XGBoost trees understanding

Hi All,
I have I believe a simple question which I’m not sure of the answer.

While running XGBoost with say 100 trees, if we want to manually reconstruct the process for one observation, how should we use the trees to find the final leaf for this specific observation?
Is it the last tree (100) or a complex gradient calculation of all trees?

Many thanks

No, you should obtain the final leaf for every trees in the ensemble. The prediction for a particular observation is obtained by summing the output from all the trees.

Many thanks hcho3!

Unfortunately, that’s what I was concerned about.

I’m trying to classify each observation in a specific and unique leaf or group. Is there a way I can achieve this with gradient boosting?

You should call predict() function with parameter pred_leaf=True. That will give you the set of leaf IDs that each observation is associated with.

Excellent! That’s great… Many thanks,

Hi hcho3,
I cannot see parameter pred_leaf=True in XGBoost.predict(???) ?

I’m using python package XGBoost.XGBRegressor !!!

A bit confused. Any suggestion?
Many thanks

Try clf.get_booster().predict(pred_leaf=True).
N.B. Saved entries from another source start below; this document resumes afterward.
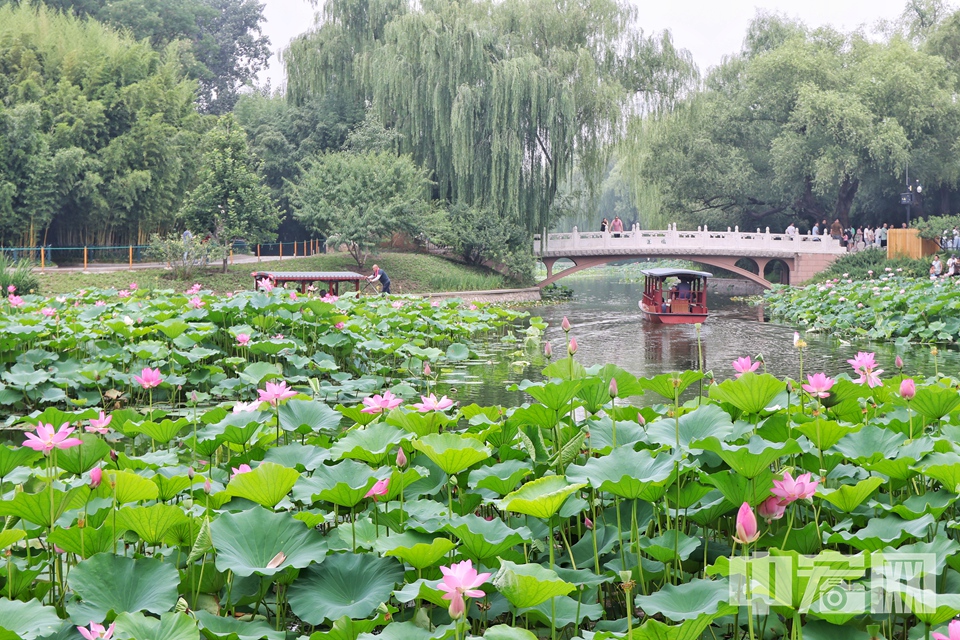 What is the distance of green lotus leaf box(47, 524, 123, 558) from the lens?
2234mm

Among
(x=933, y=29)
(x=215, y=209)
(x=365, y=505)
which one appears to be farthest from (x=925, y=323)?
(x=933, y=29)

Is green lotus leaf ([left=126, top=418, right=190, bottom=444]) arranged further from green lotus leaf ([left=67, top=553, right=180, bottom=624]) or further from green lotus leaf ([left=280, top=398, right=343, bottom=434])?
green lotus leaf ([left=67, top=553, right=180, bottom=624])

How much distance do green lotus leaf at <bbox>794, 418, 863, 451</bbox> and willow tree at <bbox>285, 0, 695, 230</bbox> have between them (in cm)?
2089

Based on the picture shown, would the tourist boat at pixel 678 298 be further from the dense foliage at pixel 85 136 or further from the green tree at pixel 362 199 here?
the dense foliage at pixel 85 136

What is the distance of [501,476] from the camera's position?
2.74 metres

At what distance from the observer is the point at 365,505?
2.73m

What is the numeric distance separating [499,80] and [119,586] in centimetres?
2186

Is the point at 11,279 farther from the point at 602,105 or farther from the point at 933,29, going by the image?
the point at 933,29

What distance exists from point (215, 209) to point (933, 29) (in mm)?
24027

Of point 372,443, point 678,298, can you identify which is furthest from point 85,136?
point 372,443

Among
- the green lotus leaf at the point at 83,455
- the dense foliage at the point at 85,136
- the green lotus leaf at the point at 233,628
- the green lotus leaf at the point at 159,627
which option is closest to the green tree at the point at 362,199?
the dense foliage at the point at 85,136

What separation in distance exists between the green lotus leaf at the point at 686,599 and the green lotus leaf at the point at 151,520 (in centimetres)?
120

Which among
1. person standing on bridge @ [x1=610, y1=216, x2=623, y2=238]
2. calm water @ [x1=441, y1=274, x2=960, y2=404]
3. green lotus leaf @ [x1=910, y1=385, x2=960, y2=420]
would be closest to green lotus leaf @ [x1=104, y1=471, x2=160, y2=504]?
green lotus leaf @ [x1=910, y1=385, x2=960, y2=420]

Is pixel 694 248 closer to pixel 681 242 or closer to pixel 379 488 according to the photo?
pixel 681 242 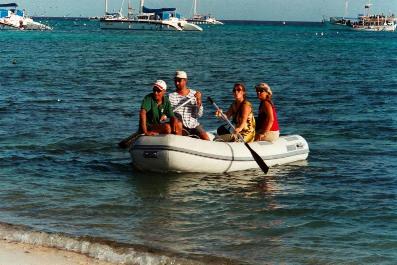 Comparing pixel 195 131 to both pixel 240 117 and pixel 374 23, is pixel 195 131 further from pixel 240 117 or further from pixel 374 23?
pixel 374 23

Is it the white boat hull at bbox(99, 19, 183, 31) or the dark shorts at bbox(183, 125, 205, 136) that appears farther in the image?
the white boat hull at bbox(99, 19, 183, 31)

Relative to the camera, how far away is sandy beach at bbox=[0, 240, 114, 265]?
7240 millimetres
The get_booster() obtains the underlying Booster object inside the XGBRegressor model.

Hi hcho3,
clf.get_booster().predict(pred_leaf=True) did not work :frowning:

However, after many hours using XGBRegressor.apply(X) gave what I think is the leaf id…


Actually, I have the final leaves of all 20 trees’ rounds.

What does it means?

Do I need to sum up the average within all of final 20 leaves found for a specific observation
the 20th tree gives the final leaf and value?


You should sum the leaf values (outputs) associated with the 20 final leaves.